Research shows that by organizing learning around meaningful goals, PBL can be an effective way to cultivate a “need to know” attitude in students—students are motivated to deepen their understanding in order to solve a problem that is meaningful to them. Concepts are better understood when students see a need for their use because that need encourages them to apply what they’re learning to relevant situations, leading to a better sense of understanding.

In schools participating in the study, students took an active role in their classrooms, asking questions, solving problems, conducting experiments, and participating in group discussions. The students felt that their assignments were more interesting, challenging, worthwhile, and enjoyable than did students in classrooms with a traditional science curriculum. Researchers also observed higher rates of students staying on task and paying close attention to the teacher and their peers.

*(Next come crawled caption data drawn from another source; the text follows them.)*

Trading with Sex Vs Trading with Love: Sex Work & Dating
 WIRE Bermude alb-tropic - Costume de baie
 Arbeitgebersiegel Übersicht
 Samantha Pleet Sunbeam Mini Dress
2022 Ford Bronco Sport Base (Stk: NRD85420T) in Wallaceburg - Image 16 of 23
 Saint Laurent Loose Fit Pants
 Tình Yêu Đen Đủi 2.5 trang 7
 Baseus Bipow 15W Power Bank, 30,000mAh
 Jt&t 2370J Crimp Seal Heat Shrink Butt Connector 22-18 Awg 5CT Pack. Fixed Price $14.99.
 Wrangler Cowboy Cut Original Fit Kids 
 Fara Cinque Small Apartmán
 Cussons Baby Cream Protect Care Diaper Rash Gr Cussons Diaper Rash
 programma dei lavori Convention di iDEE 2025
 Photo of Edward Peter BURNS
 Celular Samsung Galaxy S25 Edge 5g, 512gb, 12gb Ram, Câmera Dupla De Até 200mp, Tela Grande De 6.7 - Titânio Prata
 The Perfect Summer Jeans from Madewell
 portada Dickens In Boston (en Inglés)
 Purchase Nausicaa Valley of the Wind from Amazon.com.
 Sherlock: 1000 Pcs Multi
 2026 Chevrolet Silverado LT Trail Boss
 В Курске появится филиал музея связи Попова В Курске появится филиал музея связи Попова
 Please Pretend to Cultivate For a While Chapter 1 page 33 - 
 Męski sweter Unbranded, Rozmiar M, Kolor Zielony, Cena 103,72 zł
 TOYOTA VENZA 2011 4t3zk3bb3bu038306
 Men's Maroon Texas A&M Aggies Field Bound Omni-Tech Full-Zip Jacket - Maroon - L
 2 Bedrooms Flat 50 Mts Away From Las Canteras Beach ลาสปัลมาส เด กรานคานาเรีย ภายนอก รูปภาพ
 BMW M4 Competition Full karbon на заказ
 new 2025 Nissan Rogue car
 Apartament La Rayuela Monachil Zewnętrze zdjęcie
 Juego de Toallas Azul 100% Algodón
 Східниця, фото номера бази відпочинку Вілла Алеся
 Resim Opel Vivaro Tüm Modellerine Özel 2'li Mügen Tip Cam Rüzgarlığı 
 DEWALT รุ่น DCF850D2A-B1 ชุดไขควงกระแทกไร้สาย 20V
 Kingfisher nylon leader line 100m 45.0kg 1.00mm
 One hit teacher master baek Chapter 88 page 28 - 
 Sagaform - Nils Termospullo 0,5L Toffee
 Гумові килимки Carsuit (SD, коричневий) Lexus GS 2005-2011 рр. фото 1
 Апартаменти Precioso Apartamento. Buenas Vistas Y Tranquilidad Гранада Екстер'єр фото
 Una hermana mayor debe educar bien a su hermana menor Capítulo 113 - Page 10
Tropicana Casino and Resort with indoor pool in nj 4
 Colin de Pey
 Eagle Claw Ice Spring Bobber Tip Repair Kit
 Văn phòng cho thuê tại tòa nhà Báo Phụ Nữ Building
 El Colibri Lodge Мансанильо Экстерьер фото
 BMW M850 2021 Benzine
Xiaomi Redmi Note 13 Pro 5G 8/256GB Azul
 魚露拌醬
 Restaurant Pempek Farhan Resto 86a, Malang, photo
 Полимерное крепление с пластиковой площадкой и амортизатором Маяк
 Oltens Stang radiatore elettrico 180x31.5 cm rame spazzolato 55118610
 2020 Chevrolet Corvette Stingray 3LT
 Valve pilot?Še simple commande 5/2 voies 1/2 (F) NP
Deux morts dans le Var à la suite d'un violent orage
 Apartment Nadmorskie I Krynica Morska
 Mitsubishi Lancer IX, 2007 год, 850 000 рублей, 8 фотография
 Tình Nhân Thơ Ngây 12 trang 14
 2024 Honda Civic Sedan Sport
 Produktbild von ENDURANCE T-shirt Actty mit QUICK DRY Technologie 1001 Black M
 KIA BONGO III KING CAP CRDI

REDEFINING HOW STUDENTS LEARN

Project-based learning can be a catalyst for transforming science learning, helping students move from asking “what?” to also asking “why?” and “how?” In a traditional classroom, students often focus on memorizing facts to pass a test. At Aptos Middle School and other schools across San Francisco, PBL is being used to encourage scientific inquiry, putting students in the shoes of scientists applying authentic reasoning practices—such as experimentation and trial and error—in the classroom. While students still learn facts, they also learn to apply those facts in open-ended projects that they help design.

This transformation is driven by the 5E model, which eschews a traditional “scope and sequence” approach in which students progress along a fixed path of concepts and skills throughout the school year. Instead, instruction is organized around five phases:

Engage: Students’ interest is piqued with novel ideas.

Explore: Hands-on activities deepen understanding.

Explain: Students describe ideas in their own words.

Elaborate: Ideas are applied to a broader context.

Evaluate: Students provide a rich picture of their understanding.

Allen-Sanchez explains that this model “really pushes kids to take an experience, really get immersed in it, learn about it through articles, and conversation, and discussion, and then get into more of it through the Elaborate by pushing what they already know to give more answers.”

Students in Allen-Sanchez’s science classes do more than just recite correct answers—they develop projects that utilize the 5Es. For example, students may work in groups to solve real-life engineering challenges such as working with a restaurant to design an energy-efficient kitchen. These students learn STEM concepts like the impact that windows and doorways have on thermal insulation, and they apply those concepts in complex situations: working with clients, managing projects, and executing the design cycle of prototyping, testing, and revising solutions to solve problems.

“We knew that we wanted to create a science environment in our classrooms that would disrupt the way that it had become: a course in which facts were learned and memorized,” said Jim Ryan, the former STEM executive director for the San Francisco Unified School District (SFUSD).

STUDENT GROUP WORK

Despite the importance of team problem-solving in today’s workplaces, only 8 percent of students could meet the demands of a highly collaborative environment, while 28 percent would struggle because they have only basic levels of important skills. Schools largely aren’t addressing this skills mismatch—highlighting the need for more opportunities for students to work together to solve the complex problems that do foster the necessary skills.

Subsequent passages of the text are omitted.